Her talk, “A River Runs Through It: Math Models in Our World,” focused on building a bridge between a humanistic liberal arts education and mathematical modeling, using Roberts’ own research on Grand Canyon river-runners as an example.

Roberts described her work as “making scientific knowledge useful for practical decision making.” And she credited her time at Bowdoin with allowing her to build a bridge between the “fabric” of mathematics with the ambiguous world of human experience. “While STEM workers can certainly drive innovation through science alone, imagine how much more innovative they could be if the pool of knowledge they draw on were wider and deeper. That occurs as part of a liberal arts education.”

Wherever Roberts looks, she sees mathematical models at work. She hopes to expand the reach of that mathematical research so that society can make better use of the quantitative tools available to it. “That’s the sweet spot for me. I’m very interested in taking mathematics and using it to build a bridge to public policy thinkers,” she said.

“While STEM workers can certainly drive innovation through science alone, imagine how much more innovative they could be if the pool of knowledge they draw on were wider and deeper.
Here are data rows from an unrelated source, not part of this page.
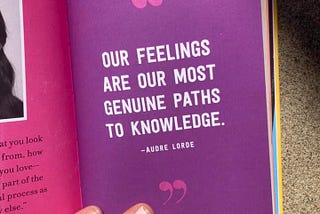 Photo of a book page that includes the quotation from Audre Lorde “Our feelings are our most genuine paths to knowledge.”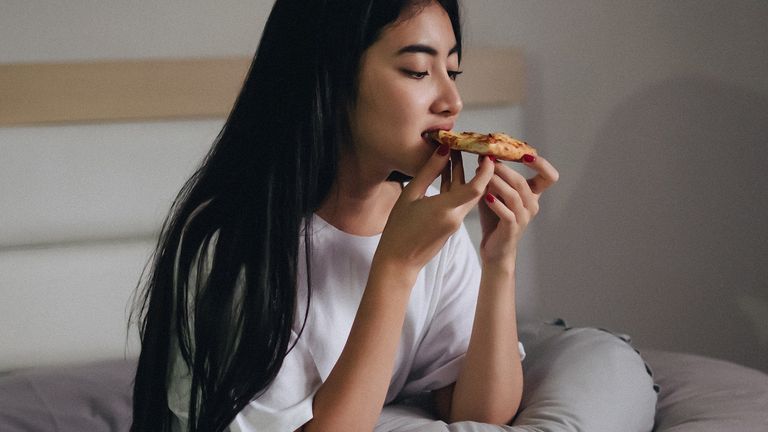 foods to help you sleep - woman eating pizza in bed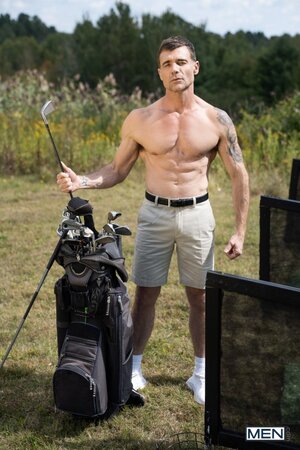 Dallas Steele shows Dick Dawson a different stiff shaft out on the golf course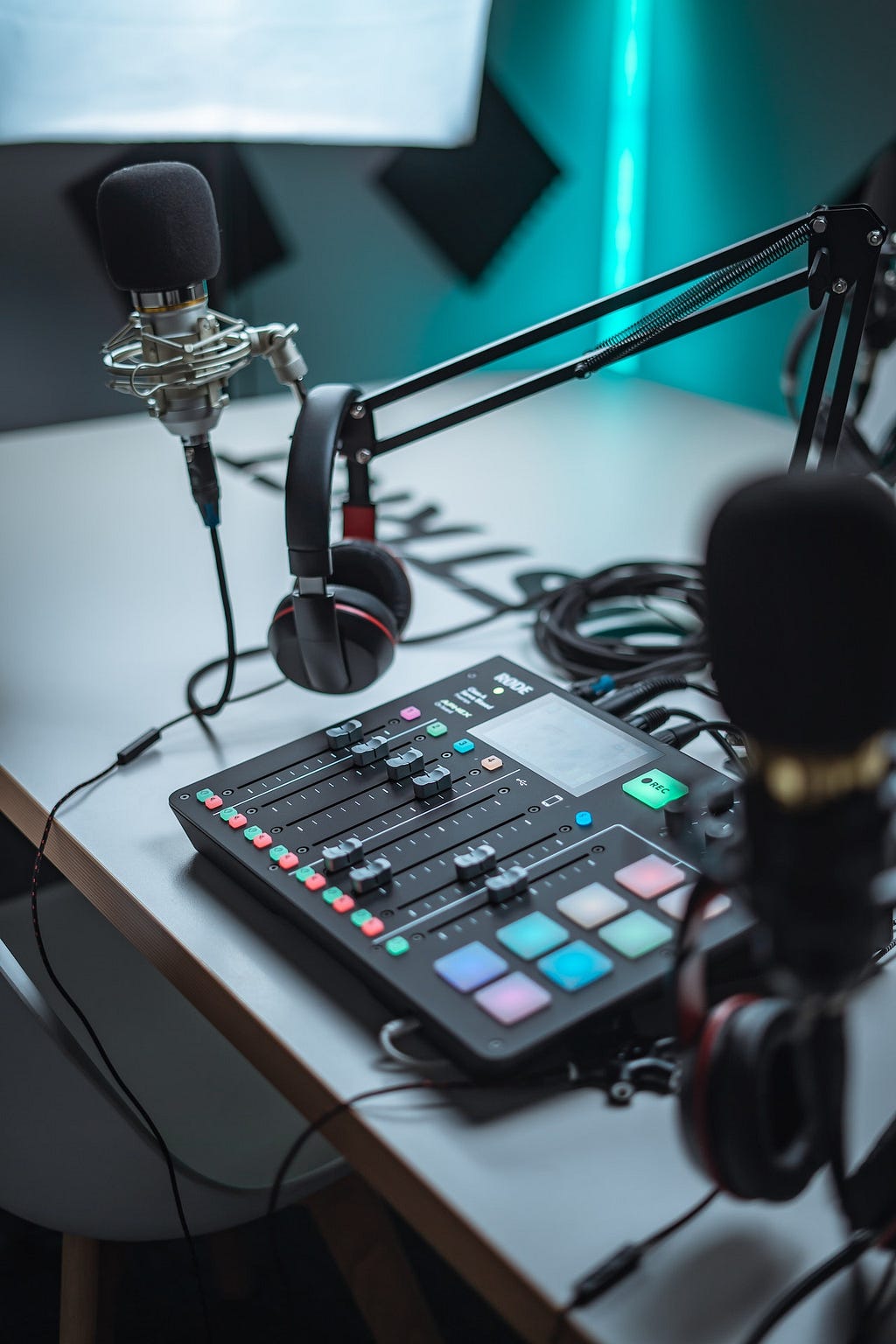 A podcast set-up with the Rode Procaster pro, headphones and a microphone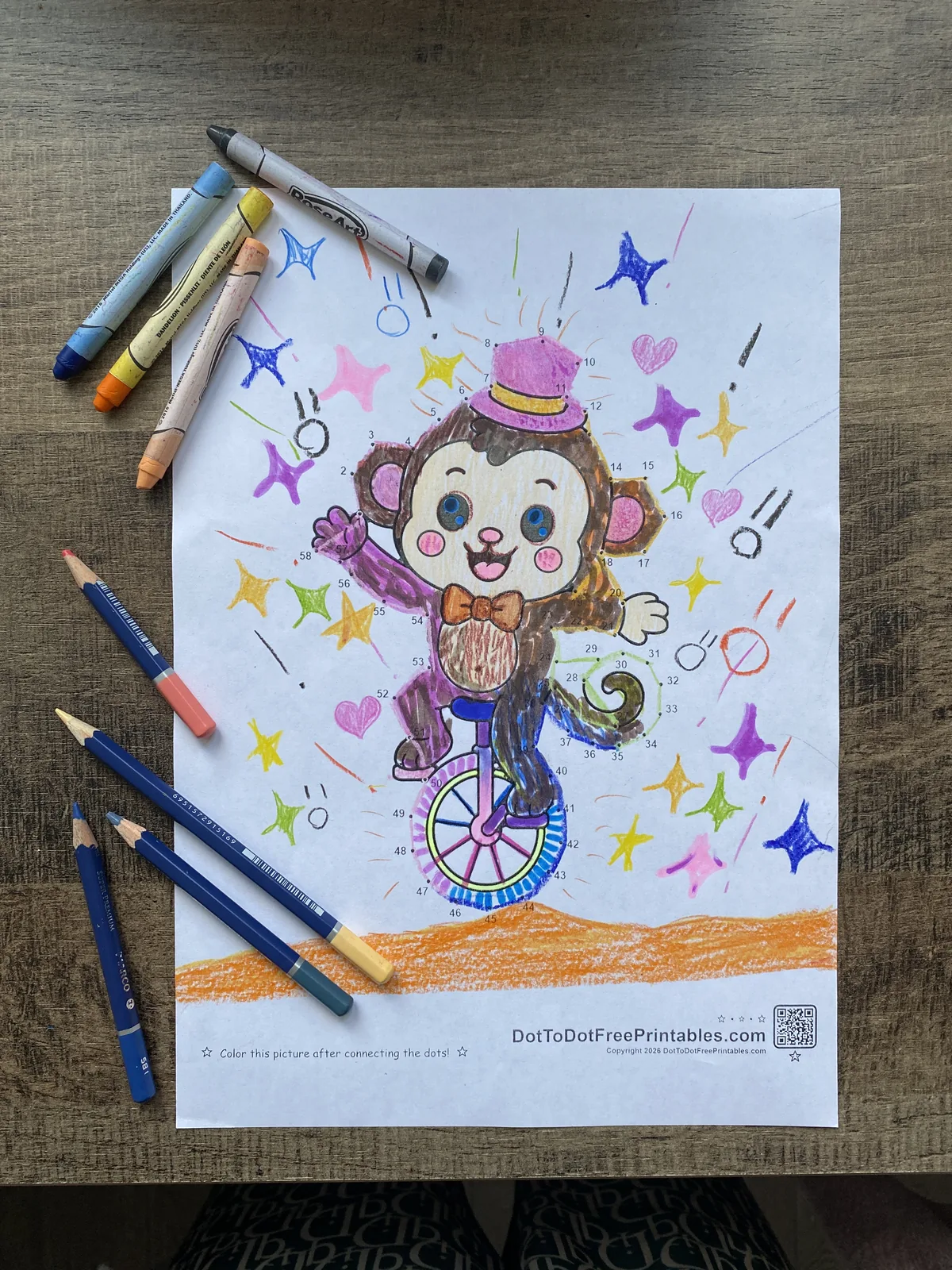 Finished circus monkey on a unicycle colored in purple, brown and orange Finished circus monkey on a unicycle colored in purple, brown and orange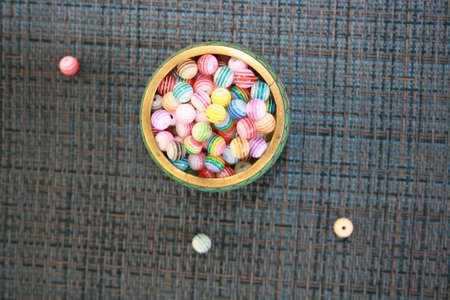 Colored decorative beads on a glass saucer. Top view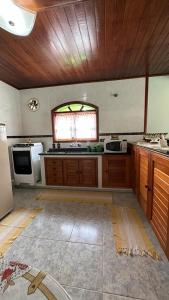 a large kitchen with wooden cabinets and a window at Casa Ipê in Monte Verde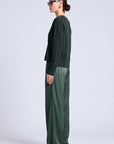A woman in side profile wearing a dark green long-sleeve top and matching wide-leg trousers against a light gray studio background.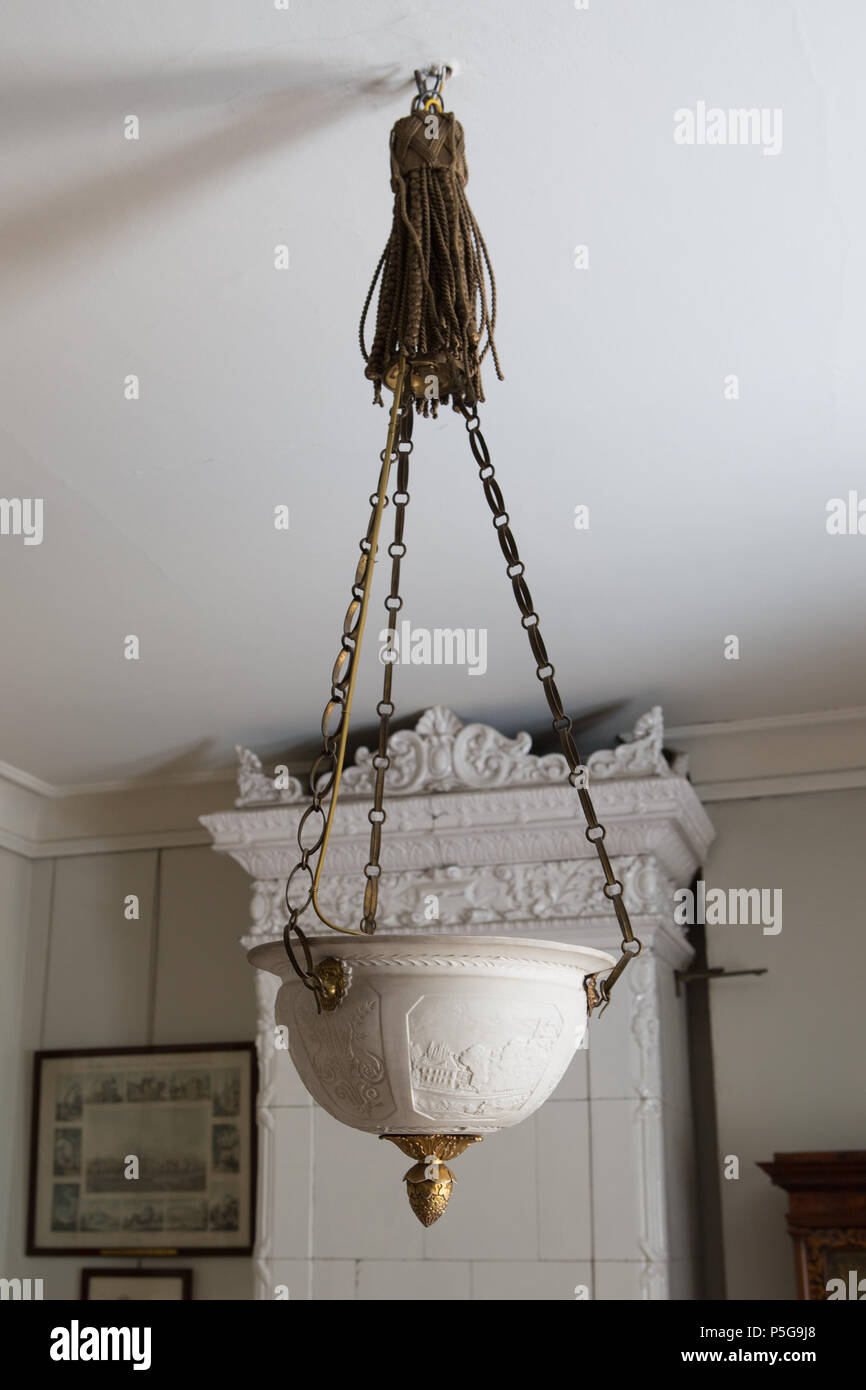. Nota: per scopi documentali la descrizione originale è stato conservato. Correzioni fattuali e descrizioni alternative sono incoraggiati separatamente dalla descrizione originale. Ampel ho husan Annas rum Nyckelord: Lampa, Ampel, Lykta. Ampel . Svenska: AMPEL porslin Av och mässing. Bestående av en nästan halvsfärisk porslinsskål med utsvängd brädd över en grund käl. Ho bottens mitt en kupig bladrosett samt en kottformig hängknopp (rosett och knopp förgyllda). Skålen hängande i tre långa kedjor mässing av. Ampeln hängande i en kedja av 8-formiga platta länkar, kedjorna utanpå en stor tofs av Foto Stock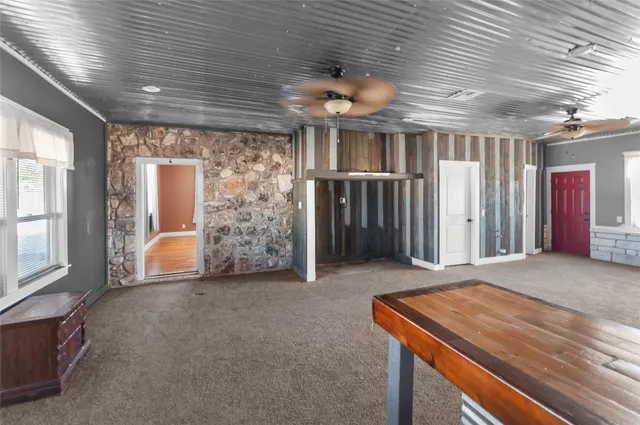 a view of an empty room and window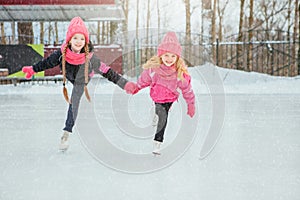 Two Little smiling girls skating on ice in pink wear and hand made scarfs. Outdoor. Winter
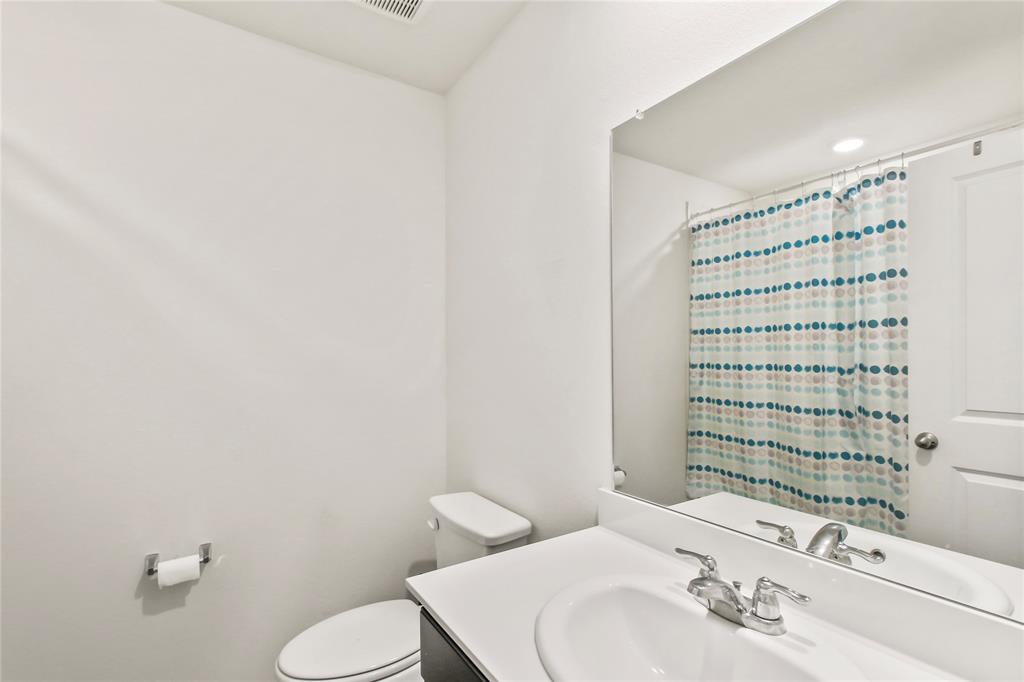 755 Amelia Court Pilot Point, TX 76258 - Photo 19 of 28 a bathroom with a sink toilet and shower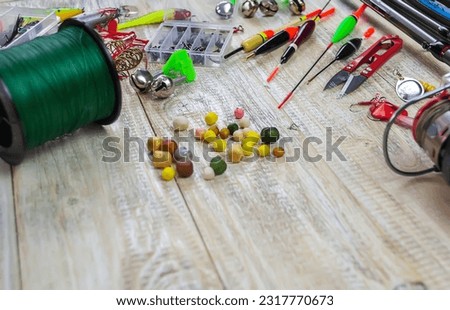 lot of colorful lures with the fishing rod on the wooden pier Royalty-Free Stock Photo #2317770673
That occurs as part of a liberal arts education.”

One of the prime examples of that outreach, she said, is Moon Duchin, a professor of mathematics and “mathematical rock-star” who spoke at Bowdoin in September. Duchin’s work on gerrymandering is likely to play a pivotal role in court decisions in the coming year. Her research addresses deep mathematical and computational problems: there are so many ways to organize the census tracts of Wisconsin into contiguous legislative districts that just the *number* of combinations, written out, would fill the space of several paragraphs. But she also applies that research to a similarly deep, if less concrete, social question: what does fair representation mean?

Outside of the headlines, Roberts noted that scientists like Mary-Lou Zeeman, Bowdoin’s R. Wells Johnson Professor of Mathematics, are using models to understand the dynamics of global weather patterns, climate change, forest fire cycles, and predator-prey relationships. That research always involves a dizzying amount of collaboration, as everyone from statisticians to physicists to entomologists work together to cobble together an accurate picture of reality.

Roberts has been able to address public policy in her own research, by helping the National Park Service regulate river traffic in the Grand Canyon. When Roberts was a professor at Northern Arizona University, the NPS approached her about creating a model of rafting traffic.

Thousands of boaters travel the Canyon section of the Colorado River every year, some of them on guided trips, and others privately. And every year, more people want to use the river. The NPS wants to preserve the wilderness of the park, and so they closely regulate the number of boaters through a permitting system. By the time Roberts became involved, the waiting list to get an individual permit had grown to over a decade.

The NPS wanted to allow more people to raft the river without overcrowding the river, and so they asked Roberts to help them rethink their permit schedule.

In order to do so, she built a simulation of the river, with current, sandbars, side canyons, and rapids, that would allow planners to understand what conditions led to a crowded river. She spent nearly a decade on the project, including six weeks on the river collecting data on where boaters stopped along the way, how often they saw one another, and where the current created bottlenecks.

“Every year of high school, you learn about lines. But the world is not linear. Models have to be shadows of the real world.”

By simulating thousands and thousands of river seasons, Roberts was able to model the dynamics of river traffic and suggest changes to allow more people to run the canyon each year.

But as powerful as mathematical models can be, they can have drawbacks, Roberts says. That’s part of why thinking about them deeply and broadly is so important. “Every year of high school, you learn about lines,” she said, noting that lines are often the nuts and bolts of modeling. “But the world is not linear. Models have to be shadows of the real world.”

There’s a trade-off inherent in building mathematical models. “We can come up with equations that capture a lot of complexity, but then the math might be so hard that we can’t solve it. But if we simplify the math, we might be ignoring something essential. Like gravity. So finding that sweet spot is really what it’s all about. You want it to be complicated, but not so hard that you can’t solve it.”

NOAA, she said by way of example, calculates roughly 2.8 quadrillion mathematical equations per second (that’s 2,800,000,000,000,000, an infinitesimal fraction of the numbers Moon Duchin, above, work with, for reference). Still, we can barely predict the weather three days in advance.

“If you want to understand the future, this is the best we have. But it’s still not perfect,” she said.